In every photograph of a person at Walden there are actually at least three people. There is the person visibly in the frame; there is the photographer; and there is Thoreau – that tedious, heroic figure. And I would add to this cast of characters the place itself, Walden, which has its own voice (both imagined and real). I am interested in exploring the relationship between these four personalities, so that even when there is no person in the frame there is still a dialogue.
I am interested in the voices that can be heard, but also those that really can’t (the voice of Walden itself, as part of an ecosystem that ignores its own name; the voice of the people in the frame, what they are truly saying).
What is strange about these various dialogues is that if you can hear anything at all, you can hear only a snippet, and, to me, there is some great poetic frustration in that.
The photograph is a rendering of an instant in time. Because the instant is rendered, there is a great opportunity to explore it. This is kind of like running your hands through a chest of gold coins that turns out to be a hologram (the sense of value lingers). Or like hitting your head against a wall, which is a good description of philosophy, generally speaking.
All the available dialogues are important to my sense of this place, but perhaps I am most compelled when there is a person in the frame. Here the dialogue is primarily about that person’s interaction with Walden. It is private and very valuable and there is something intrusive, even violent, about my presence and the act of photographing. I am also struck by how these moments of private dialogue transcend considerations of the historicity of the place. I did not expect that.

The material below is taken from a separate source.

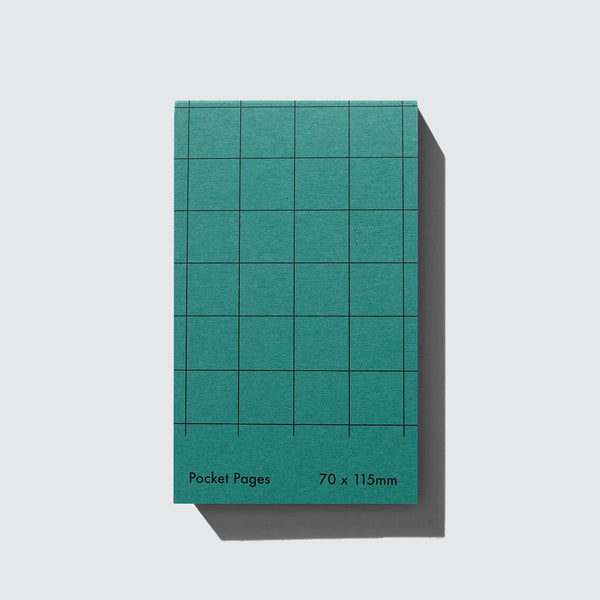 Scout Editions Pocket Pages Memo Pad In Forest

The point of using extreme crops is partially to expose the limitations of the photograph – its status as rendering, its nature as surface. Yet, this is not merely an aesthetic exercise. The aim is to articulate both the temporal and spatial distance between the photographer and the person in the frame. I cannot hear what that person is saying, but I want to so badly.
And thus begins, the fifth dialogue. The dialogue of the photograph with the viewer.